Namun, Deddy menjelaskan, pihaknya belum mengantongi kebenaran dari informasi penolakan Taiwan itu. “Nanti kami akan klarifikasi dulu dari badan otoritas yang ada di Taiwan, seperti apa tuduhan tersebut,” jelas Deddy.
Badan Pengawas Obat dan Makanan (Badan POM) pun tak tinggal diam. Kustantinah, Kepala BPOM, melalui rilis yang diterima KONTAN menjelaskan, di Indonesia, penetapan regulasi dan persyaratan keamanan, mutu dan gizi produk pangan olahan mengacu pada persyaratan internasional, yaitu Codex Allmentarius Commision (CAC) dan berdasarkan kajian risiko.
Di Indonesia, penggunaan bahan tambahan pangan diatur dalam Peraturan Menteri Kesehatan No 722/Menkes/Per/IX/88 tentang Bahan Tambahan Makanan.

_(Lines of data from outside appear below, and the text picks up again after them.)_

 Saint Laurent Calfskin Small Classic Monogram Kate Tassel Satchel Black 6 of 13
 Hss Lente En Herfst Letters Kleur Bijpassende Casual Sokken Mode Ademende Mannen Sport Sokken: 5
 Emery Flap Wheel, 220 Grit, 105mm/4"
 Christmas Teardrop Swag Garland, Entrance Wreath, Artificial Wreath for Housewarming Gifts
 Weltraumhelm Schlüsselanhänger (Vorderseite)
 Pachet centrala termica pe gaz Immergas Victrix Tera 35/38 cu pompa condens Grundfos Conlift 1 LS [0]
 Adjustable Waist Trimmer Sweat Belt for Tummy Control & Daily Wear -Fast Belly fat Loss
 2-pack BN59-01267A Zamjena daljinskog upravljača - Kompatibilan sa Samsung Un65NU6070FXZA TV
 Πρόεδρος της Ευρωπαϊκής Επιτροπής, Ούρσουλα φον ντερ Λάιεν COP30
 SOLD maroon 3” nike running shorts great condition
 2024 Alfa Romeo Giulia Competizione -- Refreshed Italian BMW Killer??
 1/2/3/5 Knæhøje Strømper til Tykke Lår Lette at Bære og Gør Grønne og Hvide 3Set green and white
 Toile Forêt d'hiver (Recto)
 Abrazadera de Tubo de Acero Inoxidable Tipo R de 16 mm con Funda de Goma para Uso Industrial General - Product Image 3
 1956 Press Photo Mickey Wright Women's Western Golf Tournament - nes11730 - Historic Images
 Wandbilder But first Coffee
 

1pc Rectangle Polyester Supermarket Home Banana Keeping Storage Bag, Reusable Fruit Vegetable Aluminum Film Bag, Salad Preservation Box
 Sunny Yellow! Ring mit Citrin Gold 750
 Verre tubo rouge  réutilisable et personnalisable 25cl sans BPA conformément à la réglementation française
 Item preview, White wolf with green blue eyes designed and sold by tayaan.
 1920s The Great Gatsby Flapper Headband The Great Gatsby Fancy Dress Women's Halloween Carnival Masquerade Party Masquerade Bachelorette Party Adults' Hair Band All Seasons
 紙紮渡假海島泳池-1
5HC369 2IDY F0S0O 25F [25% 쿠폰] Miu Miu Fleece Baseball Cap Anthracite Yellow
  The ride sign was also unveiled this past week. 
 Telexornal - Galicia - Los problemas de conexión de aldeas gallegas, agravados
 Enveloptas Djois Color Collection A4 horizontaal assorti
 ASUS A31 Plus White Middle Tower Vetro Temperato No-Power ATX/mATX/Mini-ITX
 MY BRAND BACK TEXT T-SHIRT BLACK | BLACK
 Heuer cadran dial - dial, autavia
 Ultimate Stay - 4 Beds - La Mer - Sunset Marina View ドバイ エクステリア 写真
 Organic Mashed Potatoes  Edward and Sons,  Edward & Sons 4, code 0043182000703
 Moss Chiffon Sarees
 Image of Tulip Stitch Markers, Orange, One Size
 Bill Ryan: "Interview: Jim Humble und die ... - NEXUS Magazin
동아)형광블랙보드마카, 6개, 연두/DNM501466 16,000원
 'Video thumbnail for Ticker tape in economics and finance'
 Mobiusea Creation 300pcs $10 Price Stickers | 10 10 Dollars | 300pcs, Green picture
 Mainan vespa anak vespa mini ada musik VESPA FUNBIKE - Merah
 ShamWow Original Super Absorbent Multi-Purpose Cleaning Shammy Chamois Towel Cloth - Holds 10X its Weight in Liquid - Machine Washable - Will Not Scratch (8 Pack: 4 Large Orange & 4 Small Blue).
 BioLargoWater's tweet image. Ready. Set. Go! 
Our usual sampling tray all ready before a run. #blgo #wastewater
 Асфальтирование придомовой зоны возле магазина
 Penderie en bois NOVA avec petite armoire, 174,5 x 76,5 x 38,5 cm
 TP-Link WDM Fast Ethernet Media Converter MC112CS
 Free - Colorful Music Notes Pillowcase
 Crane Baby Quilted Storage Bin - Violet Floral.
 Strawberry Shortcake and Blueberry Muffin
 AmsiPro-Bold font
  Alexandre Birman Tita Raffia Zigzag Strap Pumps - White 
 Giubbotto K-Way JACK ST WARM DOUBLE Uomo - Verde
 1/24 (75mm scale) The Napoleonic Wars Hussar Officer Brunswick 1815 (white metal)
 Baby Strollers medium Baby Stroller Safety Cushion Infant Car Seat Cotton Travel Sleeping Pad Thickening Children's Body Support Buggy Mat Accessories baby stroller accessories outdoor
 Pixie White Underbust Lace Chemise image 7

Nah, salah satu yang diatur adalah nipagin alias methyl phydroxybenzoate yang berfungsi sebagai pengawet dengan batas maksimum penggunaan. Untuk kecap, batas maksimum penggunaan yang diizinkan adalah 250 mg/kg.
BPOM menegaskan, pihaknya secara periodik melakukan sampling dan pengujian produk pangan yang beredar di pasaran, termasuk mi instan. "Hasil pengujian lima tahun terakhir terhadap kecap yang ada dalam produk kecap yang ada dalam produk mi instan, tidak ditemukan adanya kandungan nipagin yang melebihi batas maksimum yang diijinkan," kata Kustantinah.
Kustantinah membandingkan, dari kajian persyaratan di beberapa negara seperti Kanada, AS, natas maksimum penggunaan nipagin dalam pangan yang diijinkan adalah 1000 mg/kg; sedangkan di Singapura dan Brunei Darussalam, batas maksimum penggunaan dalam kecap 250 mg/kg dan Hong Kong sebesar 550 mg/kg. "Dengan demikian, produk mi instan yang terdaftar di Indonesia dinyatakan aman untuk dikonsumsi," tegas Kustantinah.